- **Given material**:
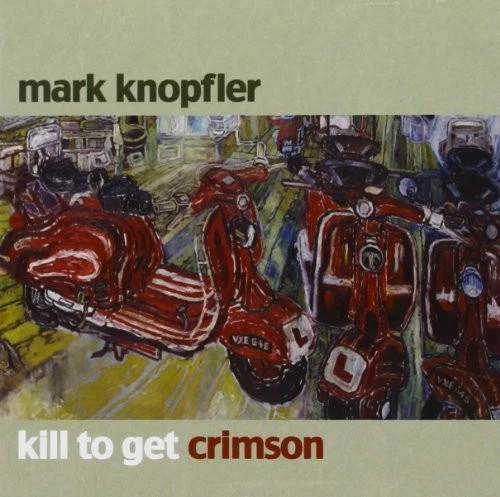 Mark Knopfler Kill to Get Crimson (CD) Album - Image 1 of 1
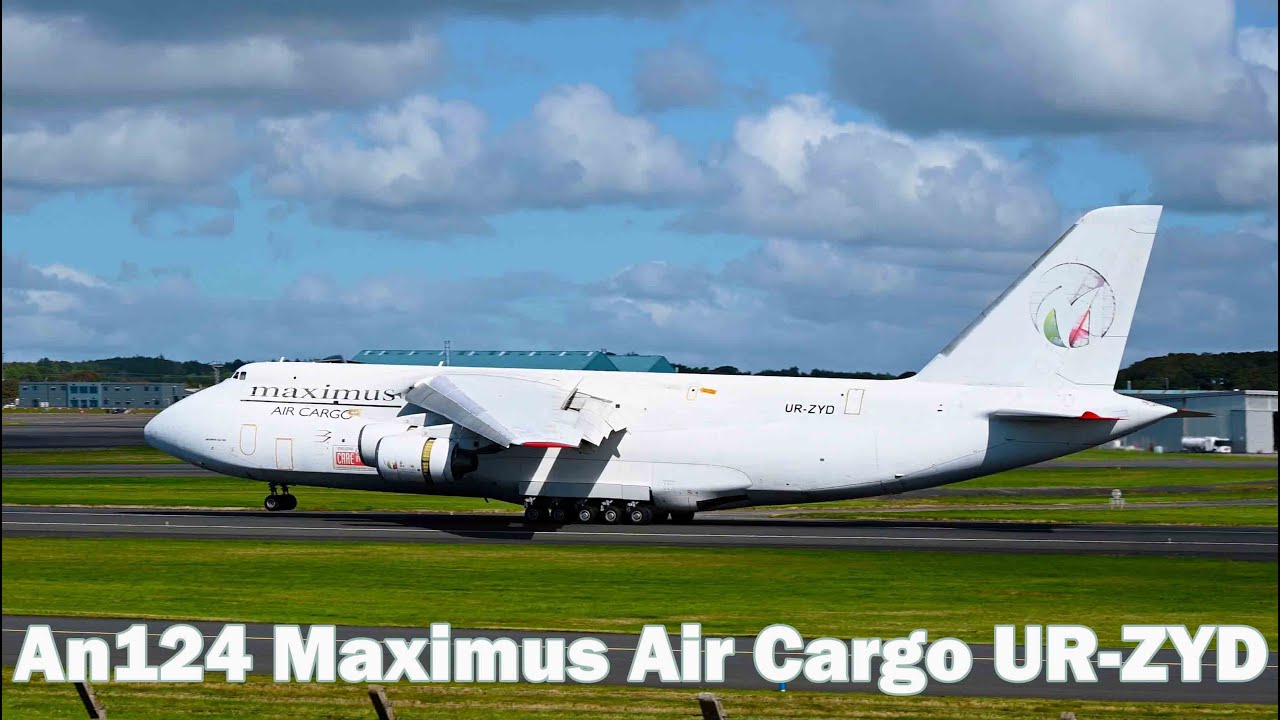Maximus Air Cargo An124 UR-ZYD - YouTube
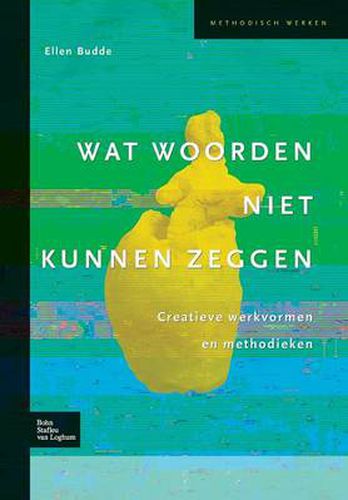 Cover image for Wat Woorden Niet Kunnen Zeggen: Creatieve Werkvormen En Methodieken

- **About this task**: Reproduce the material above exactly, but only from the line with "Maximus Air Cargo An124 UR-ZYD - YouTube" through its last line, leaving pictures out.

- **Solution to this exercise**:
Maximus Air Cargo An124 UR-ZYD - YouTube
 Cover image for Wat Woorden Niet Kunnen Zeggen: Creatieve Werkvormen En Methodieken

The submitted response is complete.